Helping subject-matter experts analyze more than 100 million rows of legacy data in preparation for cleansing and migration.

Project Details

Idaho Department of Transportation
New Hampshire Department of Motor Vehicles


The state of Idaho's Department of Transportation and the state of New Hampshire's Department of Motor Vehicles (NHDMV) wanted to modernize their data and transfer operations off of their mainframe and onto modern platforms. The dataset sizes for Idaho and New Hampshire were each more than 100 million individual records and each record had a few dozen to a few hundred field values. To add to the challenge, a majority of the tens of billions of individual field values were kept as free-form string fields with sometimes little or no edit validation in place to prevent typographical errors, data-entry errors, or misuse or multiple use of fields.

For these projects, RESPEC staff provided custom-built, data-cleansing, staging, and warehousing infrastructures to help automate and manage the states’ modernization efforts in preparation for migrating to the new systems. The SME Tools Analysis Toolset (STAT), which RESPEC staff designed and built, was an essential part of these operations.

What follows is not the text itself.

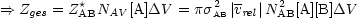 ==> Zges = Z*ABNAV [A]DV = ps2AB|vrel|N2AB[A][B]DV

STAT provides an interactive user interface that enables subject-matter experts (SMEs) to quickly and easily browse through entire tables, individual columns, distinct value listings, validation exceptions, and data rules violation reports while optionally applying custom filtering and sorting, drilling down into the underlying source records, and exporting results to files for further analysis. A custom-built analytical data store on the back-end allows interactive real-time results, even for very large datasets. Two sets of tools were developed to support two distinct workflows: (1) tools for “undirected data exploration,” to be used early in the modernization process to “preview” the data as well as build up a starting catalog of rules, validations, and issues, and (2) “directed exploration” tools for reviewing the results of applying these rules and validations. In practice, the combination of undirected and directed analyses; real-time query response; and a clean, organized, simplified view of the data has allowed customers to understand their data better.

The ITD and NHDMV projects are ongoing and, with the cleansing, the systems are achieving high levels of accuracy. Both the ITD and NHDMV have expressed great satisfaction with the STAT toolset, which allows them to already see the results of the data-cleansing efforts.